A Team of One and a Hundred Agents

There are mornings now where I open my work and review more shipped software than I could have written by hand in a week. It was produced overnight, by agents, while I slept. Branches pushed, tests written, a migration drafted, three bugs fixed with the failing case reproduced first. My job that morning is not to write. It is to read, judge, reject a real share of it (more on a refactor, less on a batch of tests), and decide what ships.

This is the part of agentic development that the productivity charts miss. The interesting change is not that I type faster. It is that the unit of engineering output stopped being me and became me plus the harness I built to direct the work. A single developer with the right scaffolding now operates at a scope that used to need a team. Not by working harder, but by changing what they personally have to touch.
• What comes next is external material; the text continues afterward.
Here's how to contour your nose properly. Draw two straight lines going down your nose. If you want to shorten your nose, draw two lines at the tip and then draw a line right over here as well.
I want to be clear about where that leverage comes from, and equally clear about where it runs out. It does run out, and where it runs out is what I most want to get across.

Agents are only as good as what you hand them

The first thing I learned running agents at any real volume is that they inherit the quality of their tools. An agent pointed at a raw provider API, asked to manage its own streaming and tool-call bookkeeping, spends its budget on plumbing and makes plumbing mistakes. The same agent handed a clean primitive, one call that runs the whole model-to-tool-to-model loop and hands back a transcript, spends its budget on the actual problem.
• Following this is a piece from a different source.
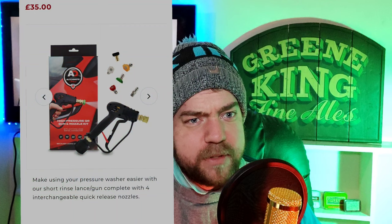Now it comes with five quick release nozzles — you get the 25°, 45°, and so on. If you know what you're looking at, you know what you're getting. It's around £35 with £3 or £4 shipping, so about £40 all in — not too bad.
So the harness sits on top of the compounding primitives I have written about before. That is not a coincidence; it is the precondition. A fleet of agents is a multiplier, and a multiplier on a weak foundation just produces more weak output faster. The primitives are what make the agents worth running at all. You do not get the hundred-agent morning by hiring a hundred agents. You get it by building the floor they stand on, one layer at a time, until directing them is less about doing the work than about decomposing it well and knowing what to accept. That last part is its own skill, and the one the rest of this post is about.

The harness is orchestration plus a gate

Two pieces make the difference between a fleet that produces leverage and one that produces a mess to clean up.

The first is orchestration: how work is decomposed and dispatched. I run agents in parallel across separable tasks, but serialized where they would otherwise tangle the same files. Each one gets an objective and acceptance criteria specific enough that “done” is checkable, not vibes. The skill here is the same skill as decomposing work for human collaborators, except the collaborators are fast, literal, tireless, and entirely without the social grace that would make a person ask “are you sure?” before doing the obviously-wrong thing you asked for.

The second piece is the one people underestimate: a gate. Nothing an agent produces ships because the agent says it is done. It ships because it has survived review, and the review I trust is adversarial, not congratulatory. I run changes past reviewers whose entire job is to try to break the claim that the work is correct: to find the edge case, the dropped invariant, the test that asserts nothing, the demo that shows what you should see instead of what you would see. A verdict has to be grounded in the actual code, citing the actual lines, which narrows the room for a confident-sounding fabrication without ever fully closing it. And a fix has to be verified by reverting it and watching the failure come back. Output that cannot survive that is not output. It is a draft.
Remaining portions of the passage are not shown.